Specialty Groups / Special Interest Groups / Early Pregnancy / Scientific Information / Abstract 2006

The impact of a first-born boy on the prognosis in secondary recurrent miscarriage patients

 

H. Svarre Nielsen1, A.M. Andersen Nybo2, O.B. Christiansen1 1The Fertility Clinic - Section 4071, Obstetrics and Gynaecology, Copenhagen O, Denmark 2 National Institute of Public Health, The Childrens Programme, Copenhagen O, Denmark

 

Introduction: Sex-mismatch between donor and recipient is correlated to a poorer prognosis in transplantation medicine. A significantly higher frequency of Graft Versus Host Disease (GVHD) is seen when sisters with a pregnancy history donate bone marrow to their HLA identical brother. It is believed that women in pregnancies with boys become primed against HY-specific minor histocompatibility antigens (HY) that are only present in males. When bone marrow from these women is introduced in the male recipient an immune response against HY is established and causes the increased frequency of GVHD. We have previously reported that a first-born boy is associated with a less favourable reproductive potential among patients with secondary recurrent miscarriage (SRM) referred to the Danish Recurrent Miscarriage Clinic between 1986-2000 and followed up to 14 years.
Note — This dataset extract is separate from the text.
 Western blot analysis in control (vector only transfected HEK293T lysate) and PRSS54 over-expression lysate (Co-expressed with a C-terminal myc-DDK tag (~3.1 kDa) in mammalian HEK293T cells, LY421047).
Here, we aimed, with an extended study population, to quantify the impact of a first-born boy on the live-birth rate in the first pregnancy after referral adjusting for relevant prognostic factors in patients with SRM. We focused only on the first pregnancy after referral to get an exact estimate of the effect without influence of reproductive compensation.

 

Material and Methods: Pregnancy outcome information on the first pregnancy after referral was procured in two groups of SRM patients referred to the Danish Recurrent Miscarriage Clinic between 1986 and 1999 (cohort 1) and between 2000 and 2005 (cohort 2), respectively. Live birth as the outcome variable was analysed in a logistic regression analysis with the following explanatory variables: first-born boy, age, no. of miscarriages, change of partner, and treatment.

 

Results: Significantly more of the 276 patients had had a first-born boy compared to a first-born girl both in cohort 1 and 2 (p=0.01). In cohorts 1 and 2, 54% and 66% of patients with a first-born boy had a subsequent live birth, compared to 75% and 81% of those with a first-born girl. Among the 221 patients who became pregnant after referral, the only two variables significantly predicting live birth were a first-born boy OR: 0.43 (0.2-0.8), p=0.007 and the number of previous miscarriages OR: 0.73 (0.6-0.9), p=0.013.

 

Conclusions: Sex of the first-born child is the most important prognostic factor in women with SRM followed by the number of previous miscarriages. The correlation between a first-born boy and a poorer prognosis might be explained by a maternal immunological reaction towards male specific HY.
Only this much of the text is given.